El camino a Washington para negociar la deuda externa se parece al que se emprendía antaño a Santiago de Compostela, por el que marchaban los peregrinos en busca de robustecer su fe. Eso sí, el ministro de Economía, Martín Guzmán, tiene una carta secreta bajo la manga: cuenta con el apoyo del premio Nobel Joseph Stiglitz, del que fue su discípulo. Página 12 publicó declaraciones optimistas de Stiglitz en pos de arribar a un arreglo de la deuda. El economista norteamericano es una excepción que cada vez tiene más adeptos en las esferas académicas del norte. Conocemos sus ideas a través de varios libros y también lo hemos visto en vivo. Por ejemplo, en una conferencia que dio el 9 de noviembre de 2001 en el aula magna de la Facultad de Ciencias Económicas de la UBA, dijo textualmente que “los fundamentalistas de mercado creyeron que el libre mercado de por sí garantizaría no solamente resultados eficientes sino también avances en la justicia social como consecuencia de algunos procesos de derrame y un crecimiento subsiguiente que beneficiaría a la sociedad”.
Se refería especialmente una de las ideas más populares de la economía: la “mano invisible” de Adam Smith. Para Stiglitz, este concepto resulta tan claramente falso que es difícil concebir que la gente creyera en él durante tanto tiempo. Del mismo modo, es falsa la conocida Ley de Say, que dice que la oferta crea su propia demanda, que tanto Keynes como Marx destruyeron teóricamente. "Si se cumpliera la Ley de Say --decía Stiglitz-- los economistas probablemente estaríamos desempleados", pero como no se cumple, la economía académica genera más empleos para los economistas que siguen sus falsos postulados y los defienden.
Por otro lado, continúa Stiglitz, la macroeconomía estándar considera que no existen asimetrías de información en los mercados abiertos, excepto en casos de esquizofrenia, "pues la asimetría surge cuando una persona no quiere o no puede contactarse con las demás”. ¿Que podría esperarse entonces, se pregunta Stiglitz, de banqueros o financistas que admiten falsas teorías y son esquizofrénicos?

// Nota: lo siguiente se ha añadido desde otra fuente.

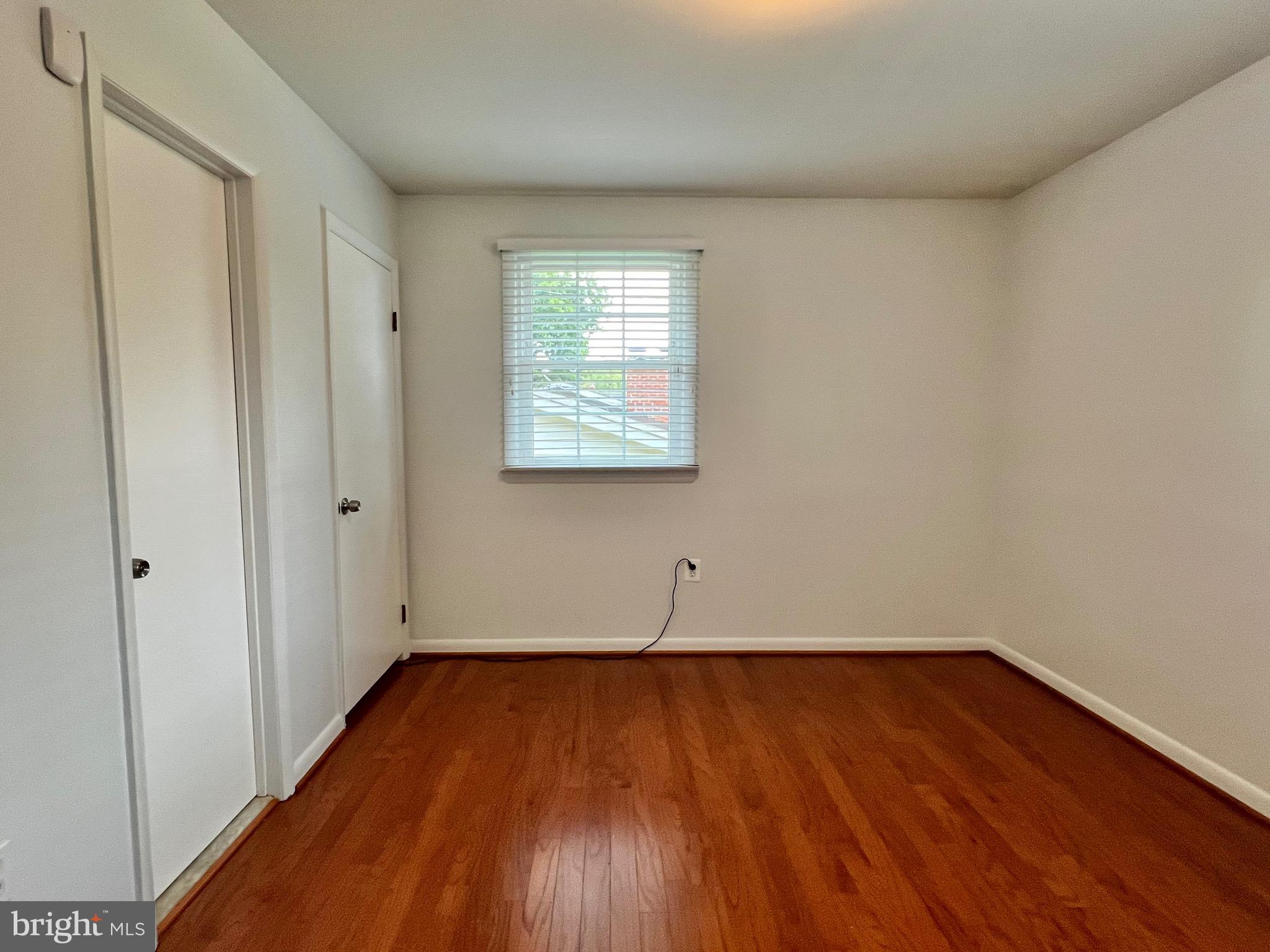 CRESTVIEW MANOR - Residential Lease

Por lo general, reconocemos más fácilmente la responsabilidad de los deudores, que en la Argentina es muy grande y sencilla de explicar: de Martínez de Hoz pasando por Cavallo hasta Mauricio Macri, son estructuras económicas que vienen de lejos y de la que estos economistas o políticos abrevan en defensa de intereses específicos. Los que nos endeudaron son los mismos que desde el empréstito Baring y de las campañas del desierto consolidaron un territorio primarizado en donde los productos agropecuarios se intercambian por manufacturas que provienen del financiamiento de esas ventas y retornan con ellas a sus países de origen o ahora van a paraísos fiscales. No somos un país soberano sino una fracción del capital mundial, una vía de escape del ahorro interno por parte de las elites locales, que se aprovechan a través de la especulación o la fuga de capitales.

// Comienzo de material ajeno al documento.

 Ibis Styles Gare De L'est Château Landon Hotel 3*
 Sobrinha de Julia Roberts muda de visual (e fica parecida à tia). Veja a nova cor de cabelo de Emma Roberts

Pero existe también, paralelamente, la responsabilidad de los acreedores de las deudas soberanas, especialmente los grandes bancos y fondos de inversión, que resulta tanto o más importante que la de sus deudores. En esa responsabilidad se cuenta la imprudencia, la excesiva codicia y el financiamiento de regímenes dictatoriales y democracias corruptas y afines a esos intereses. Los ejemplos en este sentido abundan.
Oleadas de capitales
La primera gran corriente de capitales hacia la periferia después de la Segunda Guerra Mundial se produjo en los años ‘70. Entonces, como resultado de sus dificultades económicas, Estados Unidos no pudo sostener la creciente demanda de conversión de dólares a oro y el gobierno de Nixon decretó el fin de la convertibilidad de la divisa que servía como patrón monetario internacional, respaldado por su relación con el áureo metal. Poco después, los países de la OPEP elevaron los precios del petróleo y alimentaron la sobreabundancia de capitales. Los mercados financieros de la periferia resultaban sitios ideales para reciclar esas disponibilidades y, al mismo tiempo, poder estructurar sus economías de acuerdo con las necesidades de las potencias del norte y en función de las predominantes ideologías neoliberales.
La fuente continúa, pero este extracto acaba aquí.